Exercise data
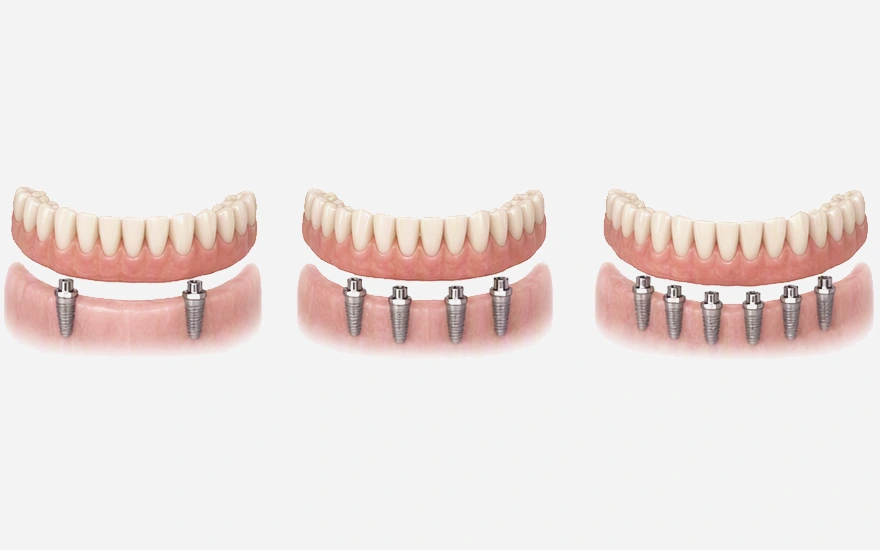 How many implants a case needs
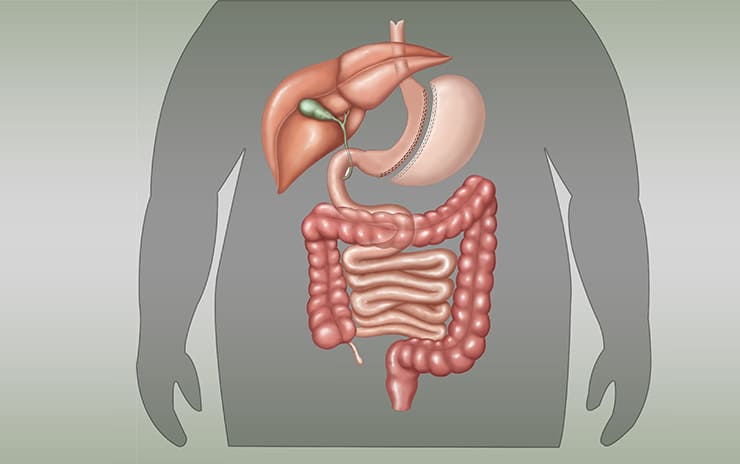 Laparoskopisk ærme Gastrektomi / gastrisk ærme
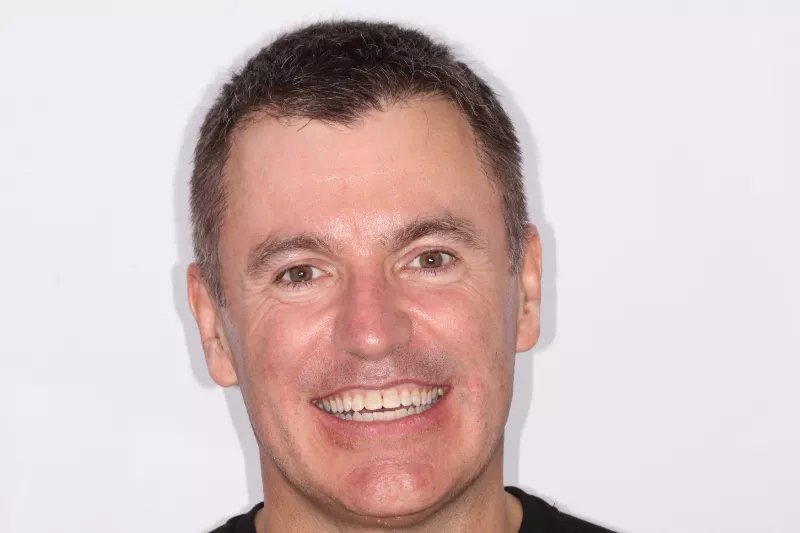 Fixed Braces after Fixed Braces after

Work instruction
Nothing but the lines from the line with "Laparoskopisk ærme Gastrektomi" through the last line of the listing above should be repeated, and pictures should be left out.

Exercise solution
 Laparoskopisk ærme Gastrektomi / gastrisk ærme
 Fixed Braces after Fixed Braces after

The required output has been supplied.